> _Work request_
Could you give back exactly the lines below from the one with "Foto 735e8ce5-1a30-41b8-a207-7052310a049e. Alquiler" through the one with "Simple arduino robot with servo arms", without a single picture?

Image-text web data:
[Start of section]
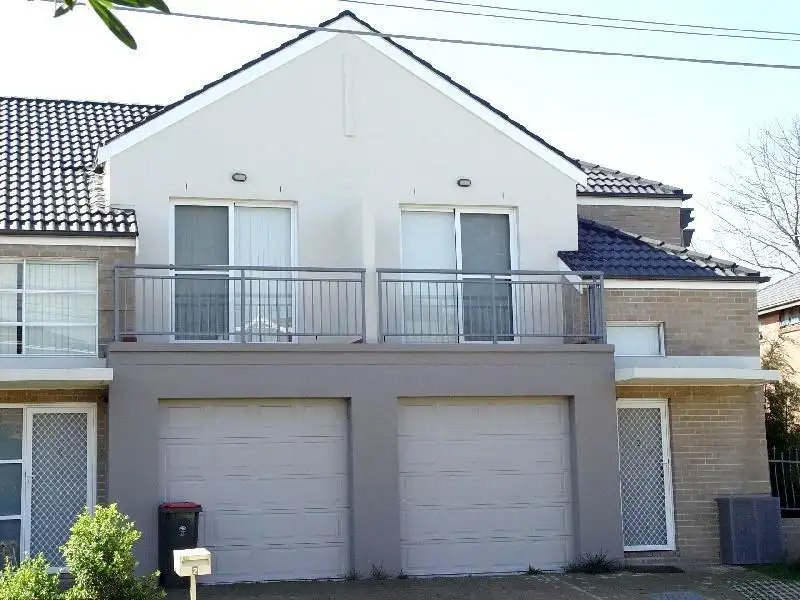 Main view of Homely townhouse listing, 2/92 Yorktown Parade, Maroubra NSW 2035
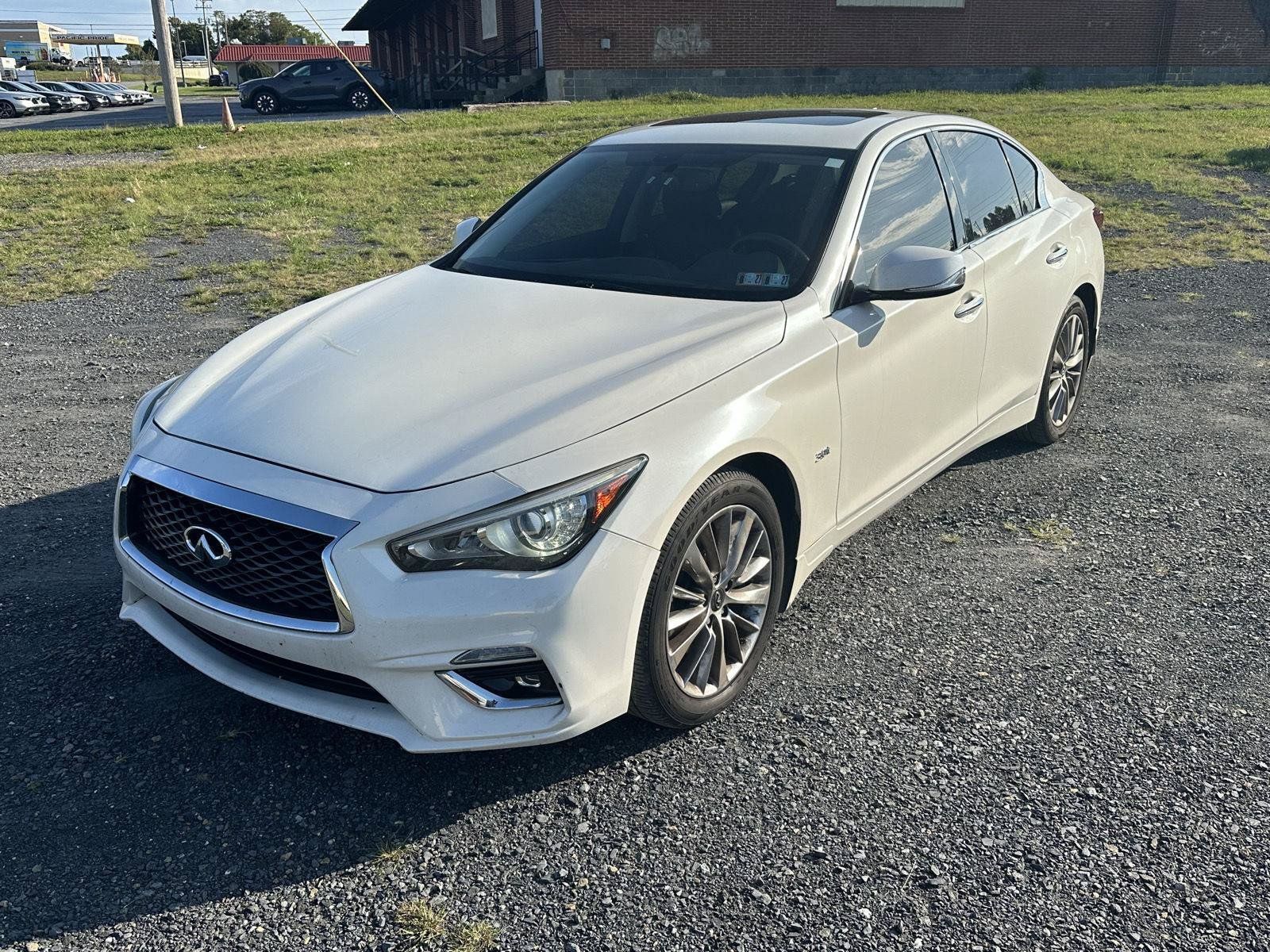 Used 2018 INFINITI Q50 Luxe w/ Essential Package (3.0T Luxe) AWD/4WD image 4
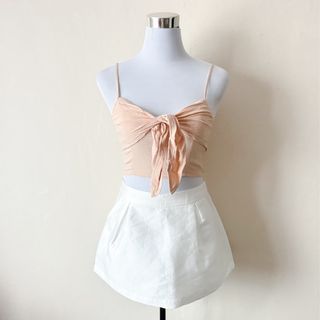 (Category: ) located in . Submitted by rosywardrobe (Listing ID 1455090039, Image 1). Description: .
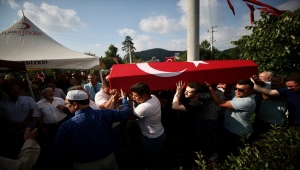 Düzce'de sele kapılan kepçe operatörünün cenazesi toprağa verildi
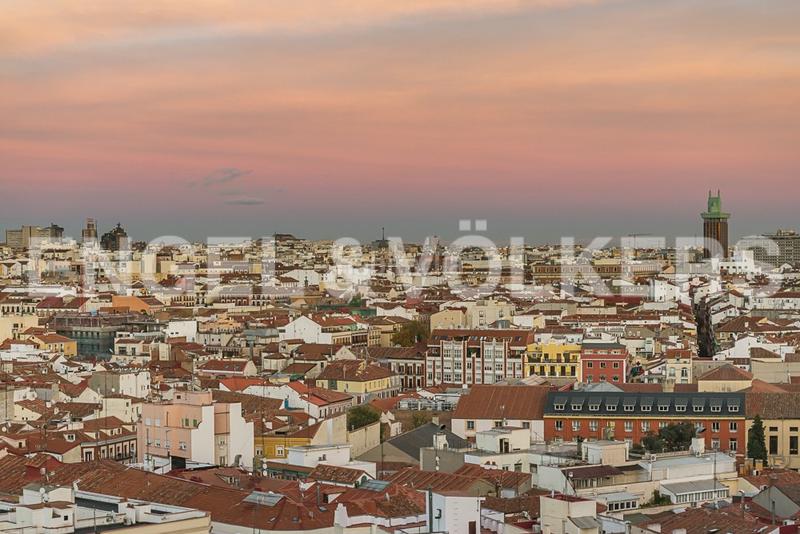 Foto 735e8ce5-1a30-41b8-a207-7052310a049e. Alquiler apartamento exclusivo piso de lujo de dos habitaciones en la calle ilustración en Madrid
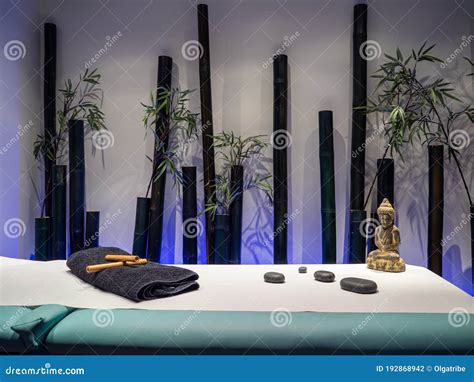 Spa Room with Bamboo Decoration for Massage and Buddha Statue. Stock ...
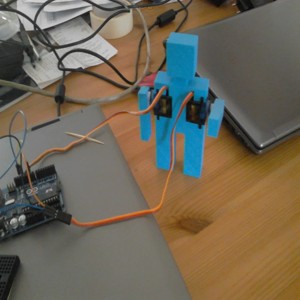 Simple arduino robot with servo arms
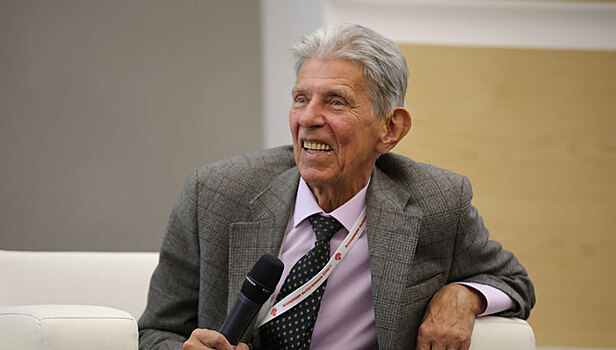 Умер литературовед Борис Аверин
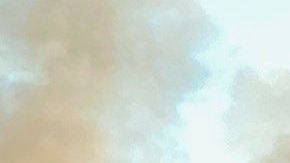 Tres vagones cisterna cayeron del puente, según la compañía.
[End of section]
> _Result_
 Foto 735e8ce5-1a30-41b8-a207-7052310a049e. Alquiler apartamento exclusivo piso de lujo de dos habitaciones en la calle ilustración en Madrid
 Spa Room with Bamboo Decoration for Massage and Buddha Statue. Stock ...
 Simple arduino robot with servo arms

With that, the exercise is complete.